Member of the Constitutional Convention
- In office 4 July 2021 – 16 March 2022
- Constituency: 13th District

Adjunct Vice President of the Constitutional Convention
- In office 29 July 2021 – 5 September 2021
- Preceded by: Creation of the office
- Succeeded by: Tania Madriaga

Personal details
- Born: Rodrigo Ernesto Rojas Vade 10 October 1983 (age 42) Santiago, Chile
- Other political affiliations: The List of the People
- Occupation: Political activist
- Profession: Aeronautical prevention technician

= Pelao Vade =

Chilean political activist

Rodrigo Ernesto Rojas Vade (born 10 October 1983), widely known by his nickname Pelao Vade, is a Chilean former political activist who became one of the most recognizable faces of the 2019–2020 Chilean protests. In 2021, he was elected to the Chilean Constitutional Convention, the body tasked with drafting a new constitution for Chile. He later resigned in disgrace after it emerged that he had fabricated a cancer diagnosis—a lie that had underpinned both his public profile and his election campaign. He is openly gay.

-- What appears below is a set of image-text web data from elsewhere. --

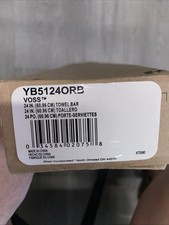 Moen YB5124ORB Voss 24-Inch Bathroom Towel Bar in Oil-Rubbed Bronze Finish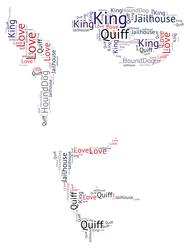 Elvis Presley Face Profile Word Art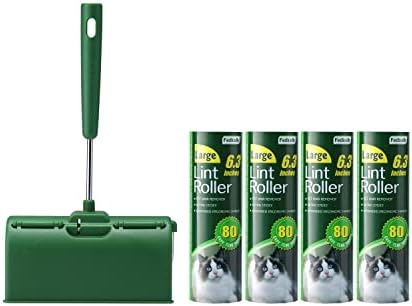Fedicelly Large Lint Rollers Pet Hair Extra Sticky Furniture,Cat Dog Hair Remover Laundry Clothes Carpet,6.3 inches Wider with 640 Sheets Giant Lint Remover Brush for Couch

During the protests, Rojas became a symbol of popular anger at Chile's private healthcare system, appearing shirtless on the front lines of street demonstrations with visible scars and medical catheters on his body, which he claimed were the result of leukaemia. The story proved to be a fabrication: in September 2021 the newspaper La Tercera revealed he had never had cancer, and he later admitted the underlying condition was syphilis. The scandal prompted his resignation from the Convention's executive board and, eventually, from the Convention itself. In February 2023, he was convicted of residual fraud against at least 30 victims who had donated money based on his false illness claims.

==Early life==
Rojas was born and raised in Puente Alto, a working-class municipality on the southern outskirts of Santiago. His father worked for the Compañía de Teléfonos de Chile (CTC) and his mother was a homemaker. He attended the Colegio Polivalente San Damián before enrolling to study theatre at the Universidad Mayor, though he dropped out due to his family's financial difficulties.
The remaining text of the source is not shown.